** What the task asks **
Once you reach the line containing "Ersatzteile WOLF-Garten Benzin", write out that line and every remaining line of the records exactly.

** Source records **
⟨

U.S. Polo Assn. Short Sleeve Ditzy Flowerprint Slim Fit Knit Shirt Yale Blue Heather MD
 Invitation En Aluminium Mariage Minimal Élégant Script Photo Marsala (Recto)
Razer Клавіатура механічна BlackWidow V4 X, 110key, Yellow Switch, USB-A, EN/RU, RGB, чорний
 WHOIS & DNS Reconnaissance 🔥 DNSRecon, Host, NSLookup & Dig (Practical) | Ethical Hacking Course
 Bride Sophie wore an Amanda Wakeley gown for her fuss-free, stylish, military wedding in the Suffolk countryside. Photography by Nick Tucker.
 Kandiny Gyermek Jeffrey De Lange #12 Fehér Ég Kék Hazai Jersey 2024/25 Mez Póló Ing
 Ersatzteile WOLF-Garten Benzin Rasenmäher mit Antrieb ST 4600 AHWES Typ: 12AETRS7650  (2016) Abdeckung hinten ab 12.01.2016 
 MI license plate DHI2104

⟩

** Answer space **
 Ersatzteile WOLF-Garten Benzin Rasenmäher mit Antrieb ST 4600 AHWES Typ: 12AETRS7650  (2016) Abdeckung hinten ab 12.01.2016 
 MI license plate DHI2104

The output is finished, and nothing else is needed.